When I was in college, I learned to appreciate feminist material. My subject Theater 100 made me appreciate women’s theater. It was probably the first time I learned that there was such a thing as women’s theater. My group was assigned to perform For Colored Girls Who Have Considered Suicide / When the Rainbow is Enuf by Ntzoke Shange. I also prefer feminist material for my monologues, such as those taken from RAW, Cause I’m a Woman
Then, a jerk/s came along in my life. Just like all epic heartbroken stories, I kept reminding myself that I didn’t need to have a relationship to gauge my worth as a person. I then wrote essays for women. I told myself “I will work hard and rely on nobody but myself.”

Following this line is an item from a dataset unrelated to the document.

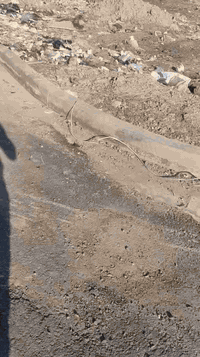 للاتصال بنا ***********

Things have changed in my life and I realize we all rely on a system of dependency. I need others and others need me. I also learned that from the same university who taught me self-reliance. I am currently in my second year on women studies. I may have changed some of my ideas in relationship and marriage into something what people may consider ‘less feminist’ but I have developed a better understanding on human conditions. And if I meet a young girl who gets rejected, I can honestly say to her, “Heal your wounds with new learning.”
At present, I immersed myself into the community of women in the informal economy. These women have needs and wants different from my peers. It is wonderful to see the world with multiple lenses and to reflect on life with other people’s wisdom.
In Buddhism, there’s what we call nirvana. It is the highest state that someone can attain, or a state of enlightenment. I believe I am getting closer to nirvana. For me, nirvana is a place where you embrace everything that defines you. If asked, why I am interested in pursuing women studies, my reply: I come to a stage of my life where I learn to embrace everything that defines me. And I can’t deny that being a woman is a large portion of who I am.